- Exercise input:
• • • • • • •
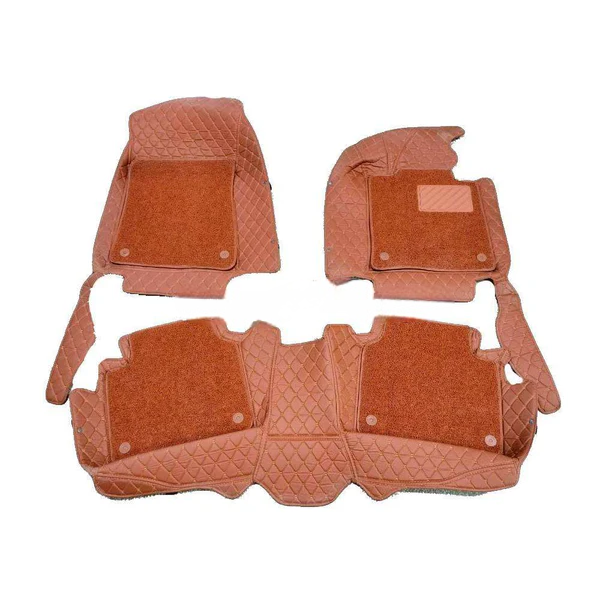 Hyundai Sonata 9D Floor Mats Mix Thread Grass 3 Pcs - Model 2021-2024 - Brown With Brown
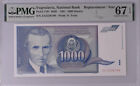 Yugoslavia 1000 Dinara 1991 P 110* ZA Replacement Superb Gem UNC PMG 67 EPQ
• • • • • • •
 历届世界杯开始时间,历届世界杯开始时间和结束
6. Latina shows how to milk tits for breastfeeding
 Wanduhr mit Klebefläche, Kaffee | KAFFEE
• • • • • • •
- What is required:
Transcribe only this stretch of the data: the line with "Hyundai Sonata 9D", the line with "Yugoslavia 1000 Dinara", and every line in between. Leave out the pictures.

- Solution:
 Hyundai Sonata 9D Floor Mats Mix Thread Grass 3 Pcs - Model 2021-2024 - Brown With Brown
 Yugoslavia 1000 Dinara 1991 P 110* ZA Replacement Superb Gem UNC PMG 67 EPQ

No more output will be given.